A valued network pointed me to Eben Moglen.  He scares a blogger with his concerns about Facebook, privacy, and databases.  If you read the post, the exchange is almost a Woody Allen piece with a young, confused, and earnest reporter interviewing a confident and crazed intellectual.  Moglen raises many of the same concerns I’ve noted about Facebook with its ability to capture, correlate, and classify everyone’s private information in real time, day after day after day.  Moglen imagines what I imagine: Hitler or Mao or Stalin bending Facebook to their purposes.  More prosaic, imagine Big Marketing bending Facebook to their purposes.  Shooting fish, political or profitable, in the digital barrel.

And yet . . . to misquote the immortal Clara Peller, Where’s the Domination?

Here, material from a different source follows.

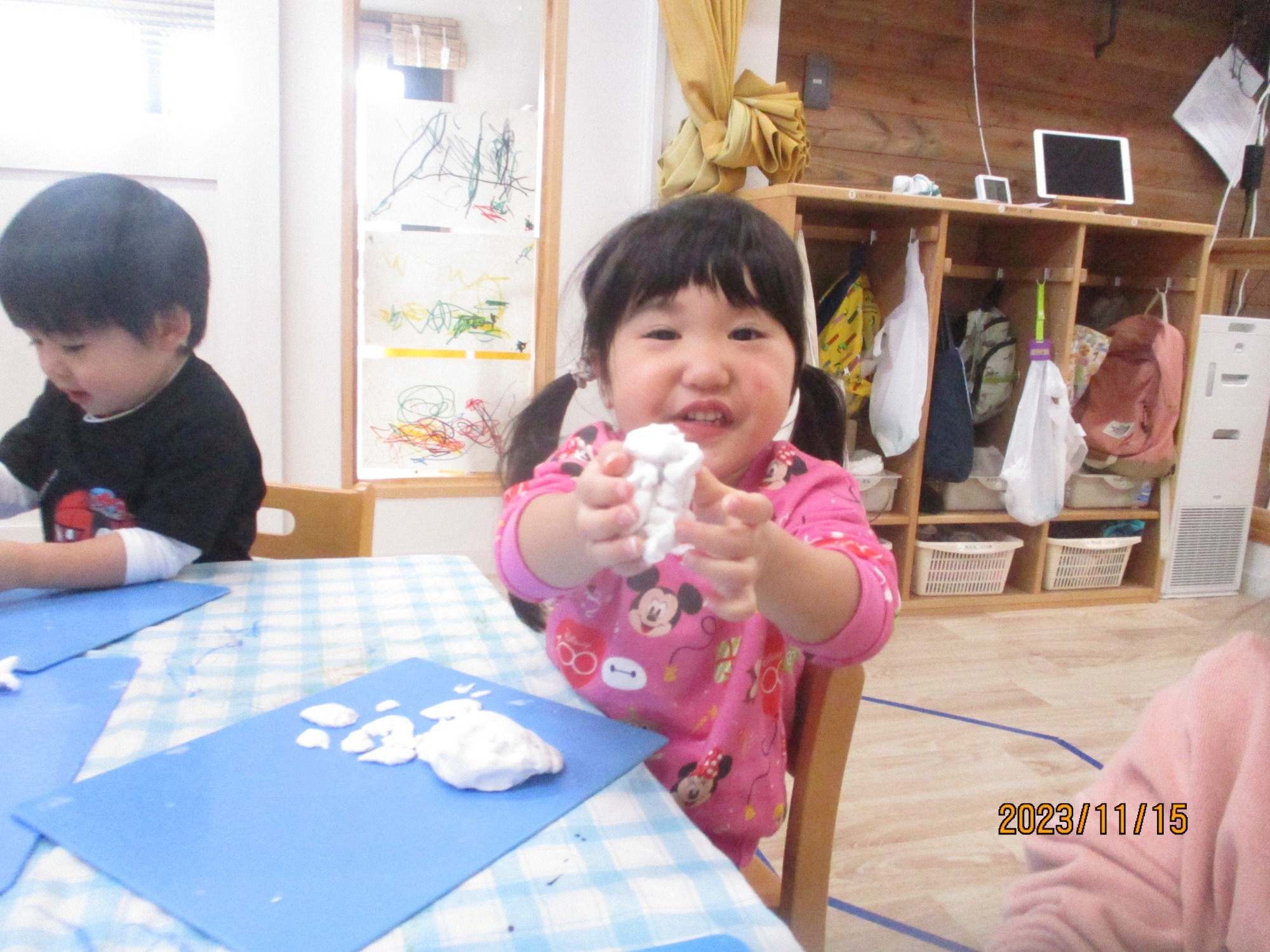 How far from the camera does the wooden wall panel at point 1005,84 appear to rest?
110 inches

Facebook is fully forth emerged and I can’t spot Orwell 2.0 or even Engulf and Devour 2.0.  Facebook is good for wasting time, PostMod musings, and angel investors, but the civic and commercial doomsday has yet to arise much less even rear its sleepy head.  On the few case studies I’ve done of Facebook Unleashed (like Al Gore and Climate Change or George W. Bush and book sales or Occupy Wall Street and whatever) show me that Facebook is selling sand to Sauds, but the rest of us are just lying on the beach working on our tans.

My concerns with Web 2.0 privacy remain:  It is a disaster waiting to happen.  Yet that disaster will say more about the Evil Maven who creates it rather than the technology He uses to perpetrate it.  Moglen and I misplay our worries when we shout about Facebook.  Hitler didn’t need no stinkin’ Web 2.0 to turn an enlightened, educated democracy into a totalitarian nightmare.  The Arab dictators had Web 2.0 and either they didn’t know how to use it or perhaps it really doesn’t matter that much after all.

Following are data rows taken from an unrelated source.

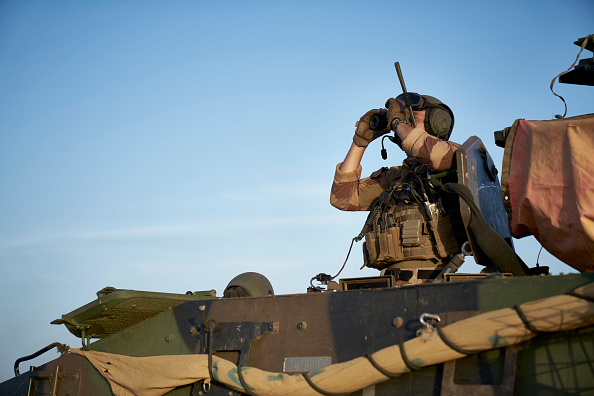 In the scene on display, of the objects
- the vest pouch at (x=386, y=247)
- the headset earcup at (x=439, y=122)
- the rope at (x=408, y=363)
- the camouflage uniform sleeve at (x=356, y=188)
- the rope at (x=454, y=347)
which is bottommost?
the rope at (x=408, y=363)

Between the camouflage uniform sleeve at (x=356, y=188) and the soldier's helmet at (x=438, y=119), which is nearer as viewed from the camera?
the soldier's helmet at (x=438, y=119)

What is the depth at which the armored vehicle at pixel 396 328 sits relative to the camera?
12.5 ft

Consider the Persuasion Rule:

Great Persuaders Don’t Need Rich Uncles, Kindness from Strangers, or Third Party Vote Splitters.

The power of persuasion is in the maven not in the magic.

Posted in Politics, Rules, Tech | Comments Off

Teen Tobacco and Automated Persuasion

29th January 2012

You may already know about this and if you do, have you shared it with other people? Do so. Now.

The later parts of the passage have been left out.